# 2010 Rut Report



## sdgoosehunter16

It may be a little early yet...any pre-rut action?


----------



## barebackjack

Yeah, id say a little early. Haven't even hit the mid-october "dead" period.

Halloween man, Halloween.


----------



## MDV89

A friend of mine was combining tonight and saw a 3.5 yr old 5 x 5 chasing a doe all over the field. There are a few does that cycle early that can get the boys up and about


----------



## texcl

Most the bucks I have on cam are still running in groups, but I did get pics of a 4x4 chasing a doe around, but it wasn't a real intense chase, shoot for all I know he could have been chasing her off the bait pile. :lol:


----------



## AdamFisk

Watched a bach group of 7 bucks on Thursday night, some were still grooming and "friendly" sparring with each other.....I'd say we're aways away yet. 

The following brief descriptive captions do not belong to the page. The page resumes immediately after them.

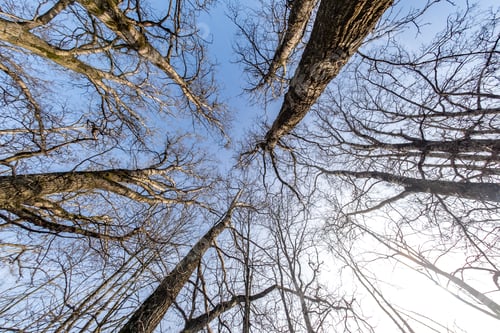Preview: bare crowns and clumsy branches of huge oak trees growing in blue sky in sunny day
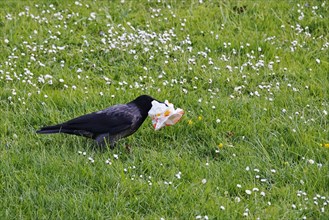 Crow with paper bag, May, Saxony, Germany, Europe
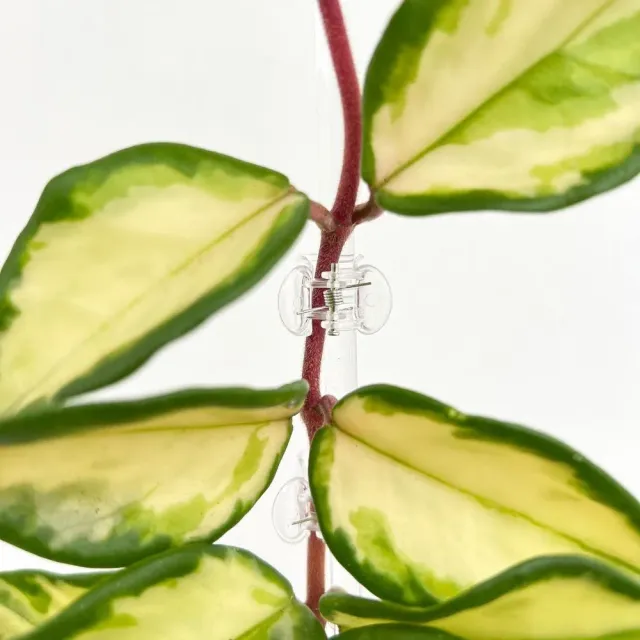 Plant and Stories pinces tuteurage transparentes x10 clips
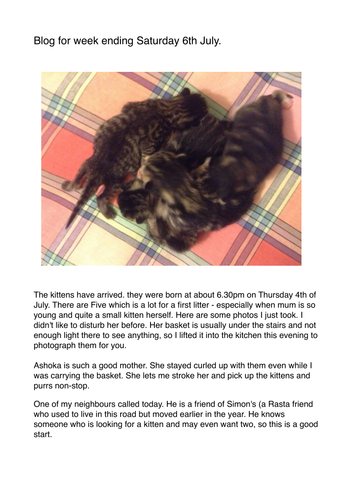 RE Blog for June 2013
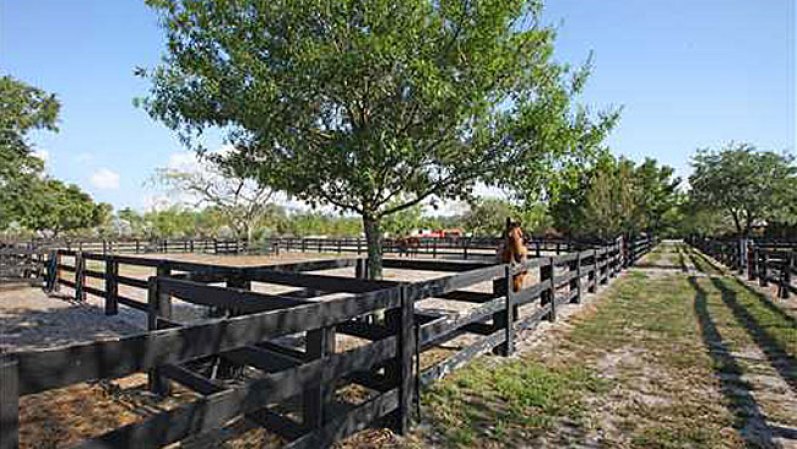 El actor Tommy Lee Jones puso en venta "San Saba Polo Ranch", una propiedad en Florida de más de 50 acres, con dos baños, cuatro habitaciones y establos. Jones le puso un precio de $26,75 millones.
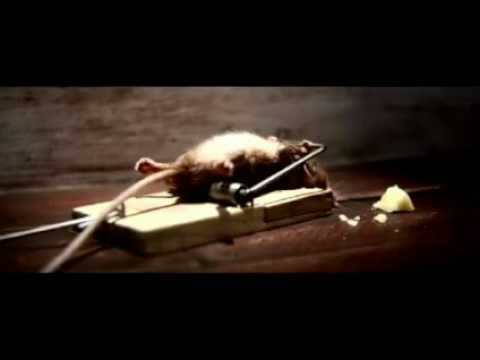 Youtube: Mouse Trap Survivor Cheese Commercial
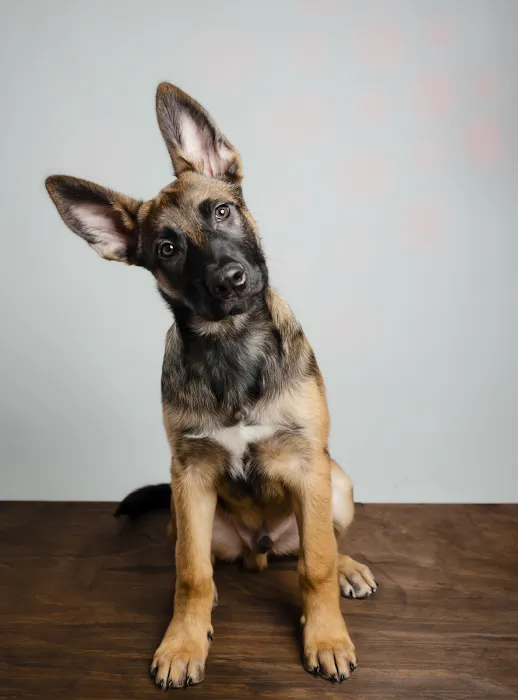Evergreen Animal Hospital Picture 3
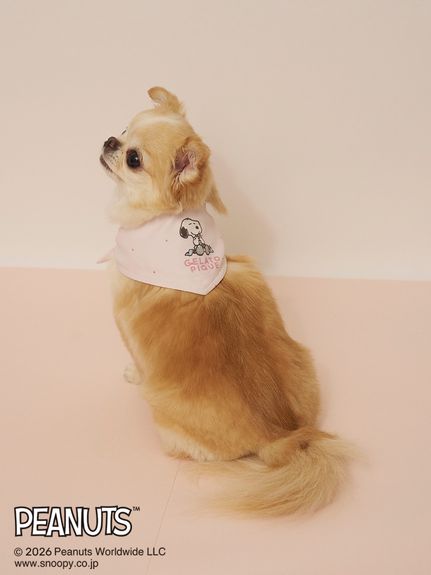 グッズ ( CAT＆DOG)｜ルームウェア・パジャマ通販のgelatopique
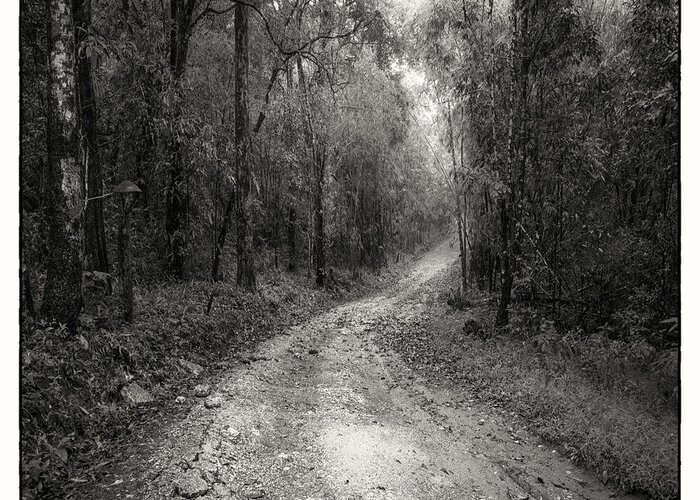 Adventure Greeting Card featuring the photograph Road Way In Deep Forest #1 by Setsiri Silapasuwanchai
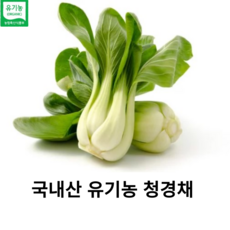 국내산 친환경 유기농 청경재 200g 300g 400g 국산 친환경 싱싱한 청경채 이유식 야채 샐러드 최상급 식재료 채소, 1개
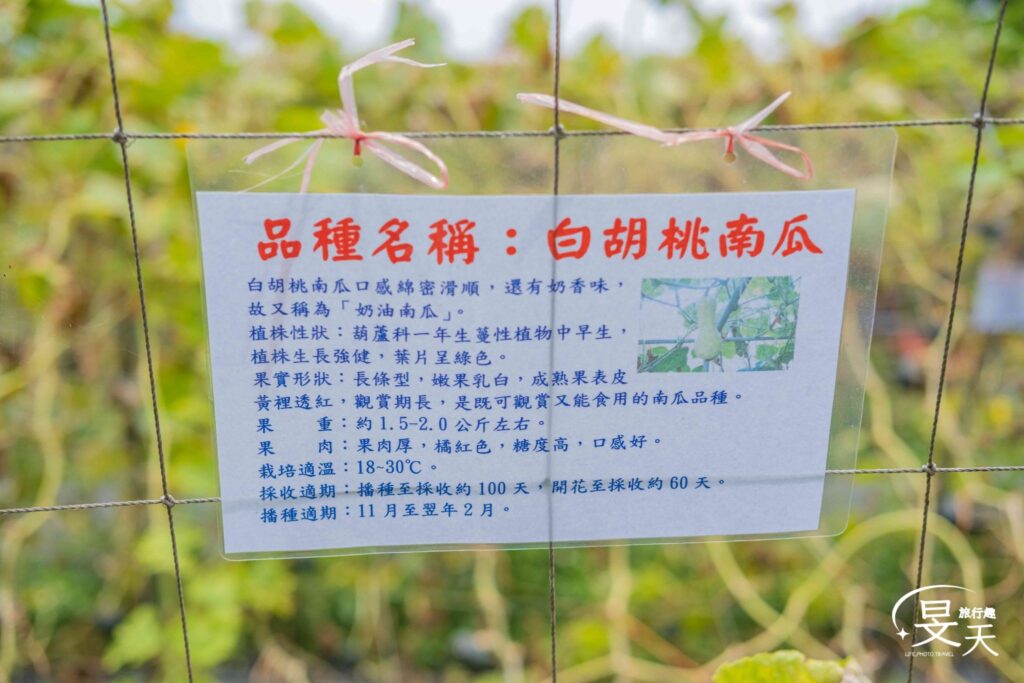 淡水南瓜隧道；白胡桃南瓜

I have seen some fresh rubs, however they are nothing to get excited about yet. Most likely from rubbing velvet off and strengthening kneck muscles.


----------



## ImpalaSSpeed96

Rut is predicted to be a trickle rut this year w/ lockdown coming in late November. So expect the "best" chasing period to be in the second week of Nov this year. Never know when a hot doe might pull one by you though. Once halloween hits, I'm ready w/ my rut tactics in hand...


----------



## barebackjack

I just love rut predictions!


----------



## ImpalaSSpeed96

The guy I follow has actually been spot on just about every year. It's fairly predictable since its caused by light... Its not just something a deer decides to do... :roll:


----------



## barebackjack

ImpalaSSpeed96 said:


> The guy I follow has actually been spot on just about every year. It's fairly predictable since its caused by light... Its not just something a deer decides to do... :roll:


Preaching to the choir.

I love it when "experts" try to predict it. "Its gonna be a week early", "its gonna be a week late", "its gonna be a trickle rut", "its gonna be a group rut", :lol: .....no its not. Peak breeding in most of MN/ND is Nov 11th and 12th EVERY year.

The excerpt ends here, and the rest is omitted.